● **Materials provided**
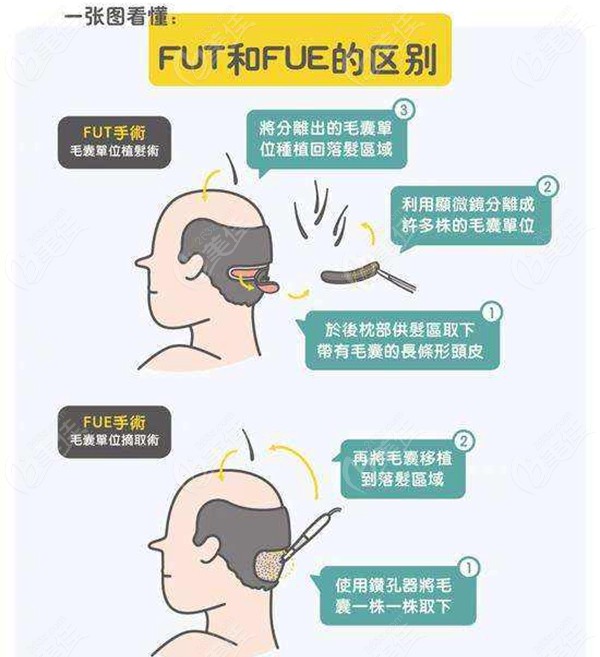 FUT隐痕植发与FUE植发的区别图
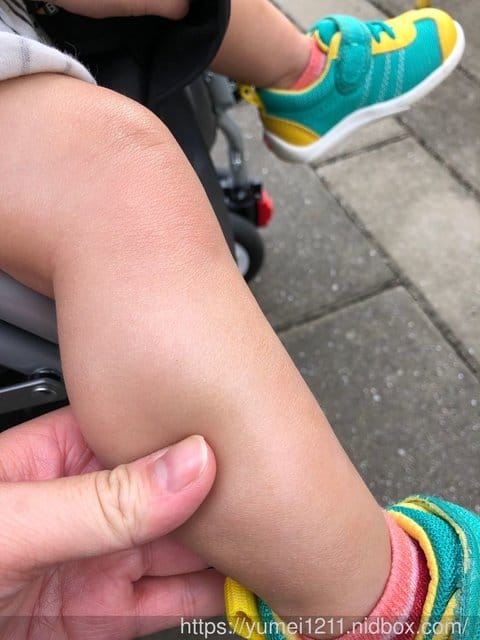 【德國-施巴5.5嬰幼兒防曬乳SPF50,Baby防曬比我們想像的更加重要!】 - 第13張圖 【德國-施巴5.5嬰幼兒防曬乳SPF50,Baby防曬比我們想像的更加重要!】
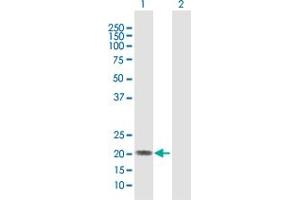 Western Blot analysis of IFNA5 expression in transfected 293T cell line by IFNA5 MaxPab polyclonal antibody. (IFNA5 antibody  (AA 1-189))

---

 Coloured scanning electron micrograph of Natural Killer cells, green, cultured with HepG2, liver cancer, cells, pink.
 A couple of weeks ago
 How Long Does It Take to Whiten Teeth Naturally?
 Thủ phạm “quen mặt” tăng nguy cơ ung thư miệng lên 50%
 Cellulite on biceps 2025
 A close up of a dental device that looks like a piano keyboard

● **What the exercise asks**
Beginning with the line holding "- 第13張圖 【德國-施巴5.5嬰幼兒防曬乳SPF50,Baby防曬比我們想像的更加重要!】" in the material above, restate word for word each line through the line holding "Western Blot analysis", and exclude pictures.

● **Result of the task**
 【德國-施巴5.5嬰幼兒防曬乳SPF50,Baby防曬比我們想像的更加重要!】 - 第13張圖 【德國-施巴5.5嬰幼兒防曬乳SPF50,Baby防曬比我們想像的更加重要!】
 Western Blot analysis of IFNA5 expression in transfected 293T cell line by IFNA5 MaxPab polyclonal antibody. (IFNA5 antibody  (AA 1-189))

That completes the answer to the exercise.